Bug #23966
closedDeleting a pool with active notify linger ops can result in seg fault
0%
Description
It's possible that if a notification is sent while a pool is being deleted, the Objecter will fail the Op w/ -ENOENT when it detects the pool deletion. However, the OSDs might not have seen the new map yet and might accept the op and issue the MWatchNotify op back to the client.
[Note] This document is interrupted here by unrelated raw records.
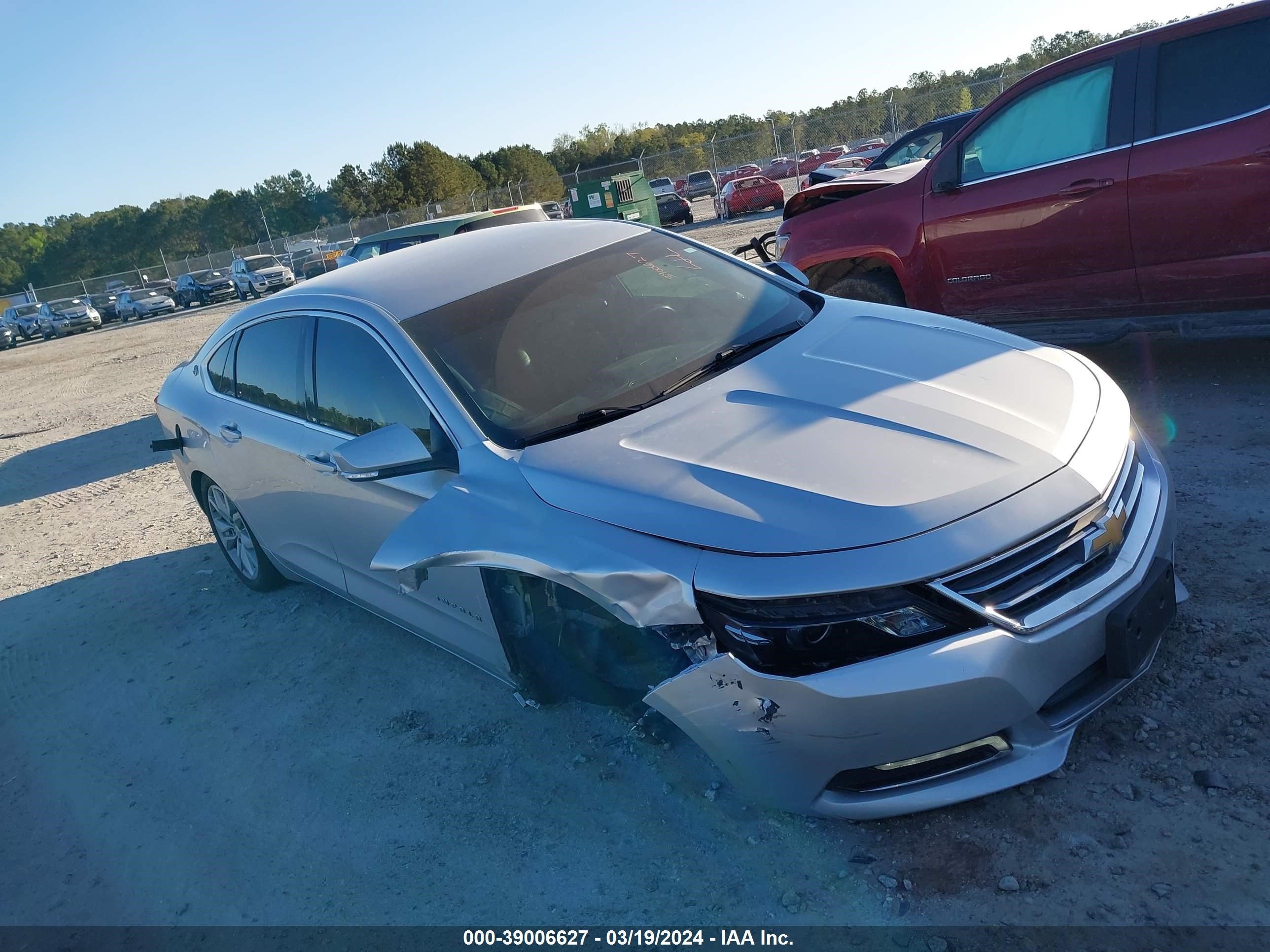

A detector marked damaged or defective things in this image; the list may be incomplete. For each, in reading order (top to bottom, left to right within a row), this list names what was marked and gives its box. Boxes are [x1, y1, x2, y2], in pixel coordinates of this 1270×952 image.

damaged headlight [694, 587, 982, 678]
crumpled bumper [647, 438, 1183, 820]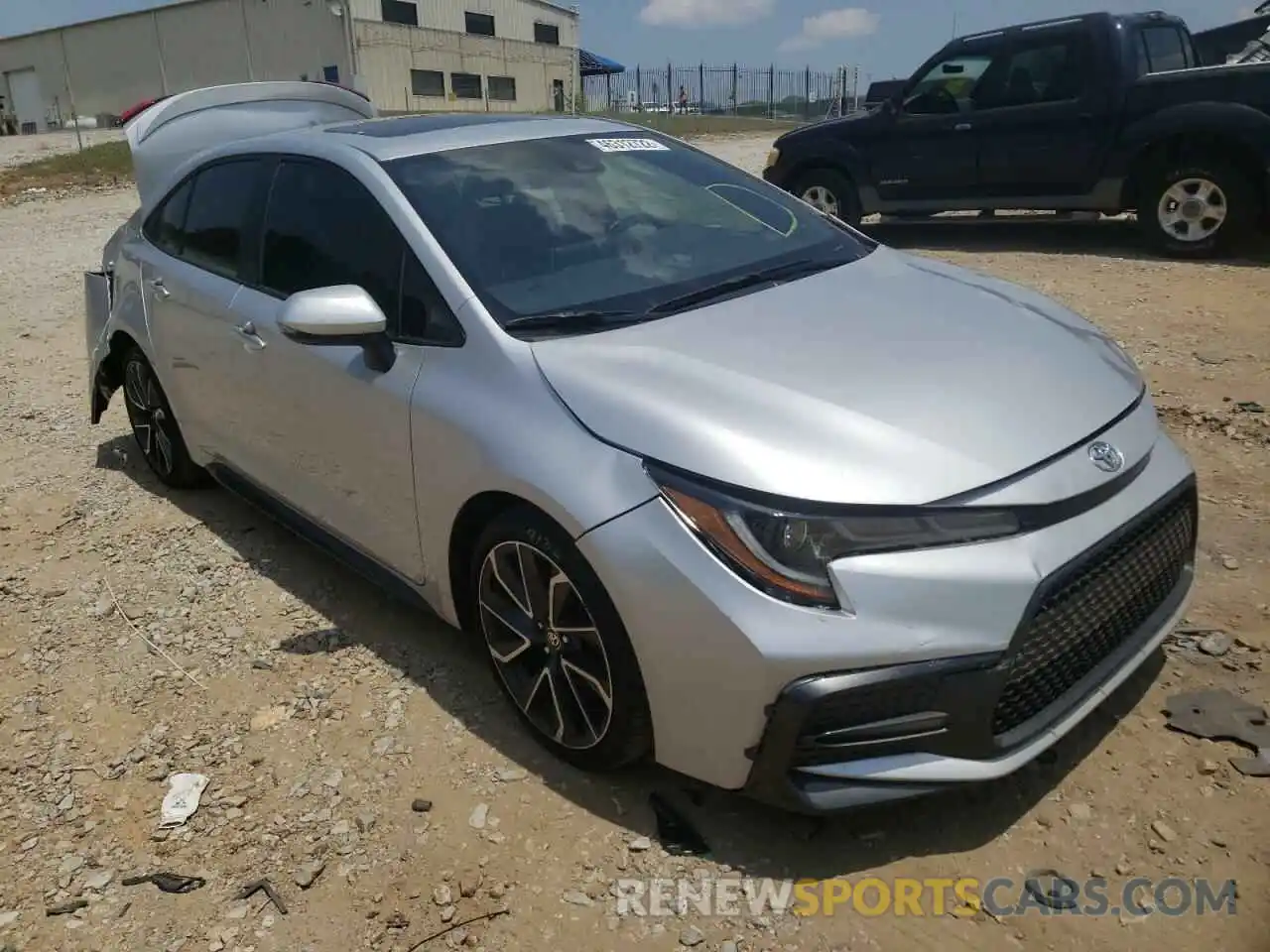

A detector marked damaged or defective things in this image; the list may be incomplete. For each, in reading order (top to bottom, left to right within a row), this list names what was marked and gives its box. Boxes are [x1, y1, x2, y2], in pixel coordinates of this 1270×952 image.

exposed rear wheel well [1127, 134, 1264, 211]
exposed rear wheel well [449, 492, 564, 635]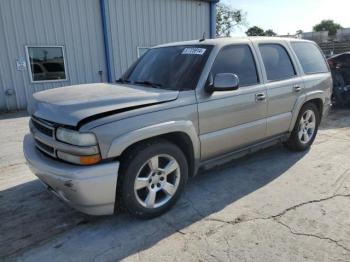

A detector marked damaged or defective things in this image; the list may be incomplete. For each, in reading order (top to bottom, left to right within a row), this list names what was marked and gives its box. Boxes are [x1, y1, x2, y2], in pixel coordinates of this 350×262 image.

damaged front bumper [23, 134, 119, 216]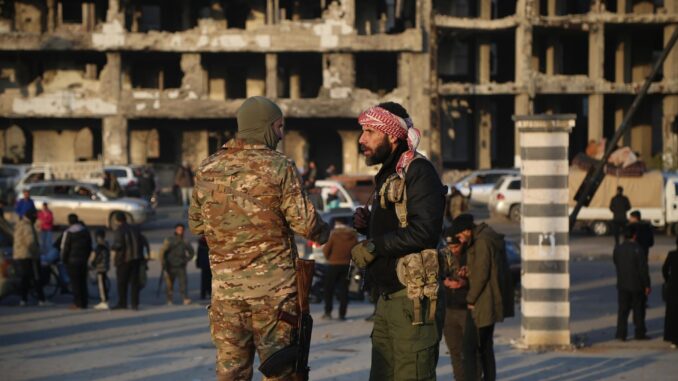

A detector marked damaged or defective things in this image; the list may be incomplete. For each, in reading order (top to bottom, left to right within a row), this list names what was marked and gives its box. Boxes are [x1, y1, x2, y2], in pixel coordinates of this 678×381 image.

damaged building [0, 0, 676, 174]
Since the client doesn't expect to receive a MWatchNotify on a failed Op, it had already completed the 'on_notify_finish' callback but didn't reset the pointer to NULL.
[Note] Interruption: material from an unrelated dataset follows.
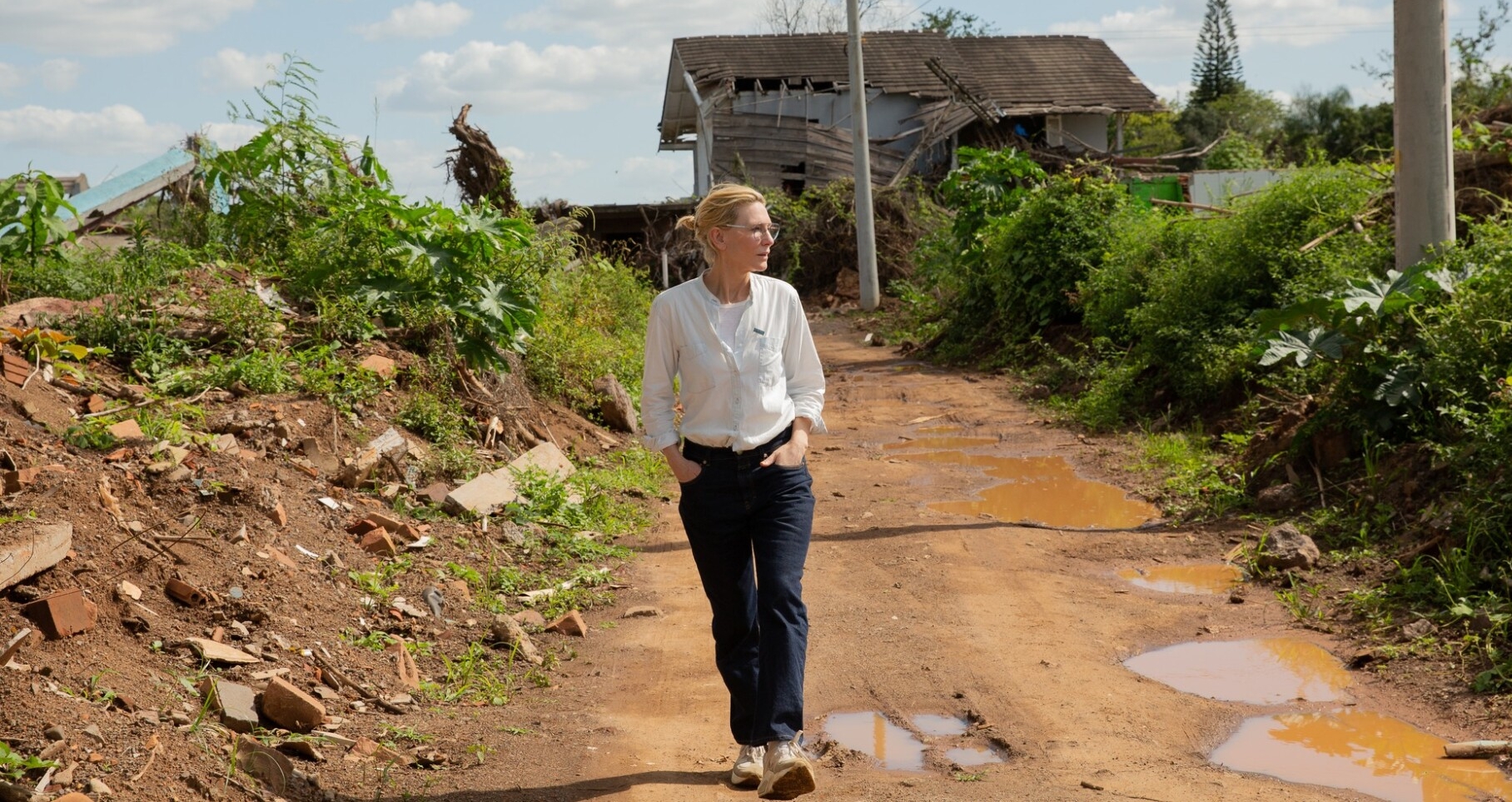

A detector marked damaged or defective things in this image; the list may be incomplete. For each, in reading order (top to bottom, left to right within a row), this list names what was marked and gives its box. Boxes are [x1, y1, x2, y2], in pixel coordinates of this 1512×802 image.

damaged house [656, 31, 1161, 195]
broken brick [22, 580, 97, 635]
Updated by Jason Dillaman almost 6 years ago
- Status changed from New to In Progress
- Assignee set to Jason Dillaman
Updated by Jason Dillaman almost 6 years ago
- Status changed from In Progress to Fix Under Review
Updated by Kefu Chai almost 6 years ago
Updated by Kefu Chai almost 6 years ago
Updated by Kefu Chai almost 6 years ago
the test still fails with the fixes above: /a/kchai-2018-05-06_15:50:41-rados-wip-kefu-testing-2018-05-06-2204-distro-basic-smithi/2483532/remote/smithi042/coredump/1525626866.17646.core
#0 0x0000000000000000 in ?? () #1 0x00007f75b5b4bc39 in Context::complete (this=0x55a240bb9670, r=<optimized out>) at /build/ceph-13.1.0-86-g56ac91f/src/include/Context.h:77 #2 0x00007f75b5b8e21c in Objecter::_linger_commit (this=0x55a240b5c930, info=0x55a240bb9850, r=-2, outbl=...) at /build/ceph-13.1.0-86-g56ac91f/src/osdc/Objecter.cc:596 #3 0x00007f75b5b4bc39 in Context::complete (this=0x55a240b678a0, r=<optimized out>) at /build/ceph-13.1.0-86-g56ac91f/src/include/Context.h:77 #4 0x00007f75b5ba3cce in Objecter::handle_osd_op_reply (this=this@entry=0x55a240b5c930, m=m@entry=0x7f7560001d70) at /build/ceph-13.1.0-86-g56ac91f/src/osdc/Objecter.cc:3549 #5 0x00007f75b5baf5cb in Objecter::ms_dispatch (this=0x55a240b5c930, m=0x7f7560001d70) at /build/ceph-13.1.0-86-g56ac91f/src/osdc/Objecter.cc:973 #6 0x00007f75b5bb4d62 in non-virtual thunk to Objecter::ms_fast_dispatch(Message*) () at /build/ceph-13.1.0-86-g56ac91f/src/osdc/Objecter.h:2114 #7 0x00007f75ace6c486 in Messenger::ms_fast_dispatch (m=0x7f7560001d70, this=0x55a240b5b010) at /build/ceph-13.1.0-86-g56ac91f/src/msg/Messenger.h:638 #8 DispatchQueue::fast_dispatch (this=0x55a240b5b1b8, m=0x7f7560001d70) at /build/ceph-13.1.0-86-g56ac91f/src/msg/DispatchQueue.cc:71 #9 0x00007f75acefc700 in Pipe::reader (this=0x55a240bbe510) at /build/ceph-13.1.0-86-g56ac91f/src/msg/simple/Pipe.cc:1774 #10 0x00007f75acf036ed in Pipe::Reader::entry (this=<optimized out>) at /build/ceph-13.1.0-86-g56ac91f/src/msg/simple/Pipe.h:51 #11 0x00007f75b58b46ba in ?? ()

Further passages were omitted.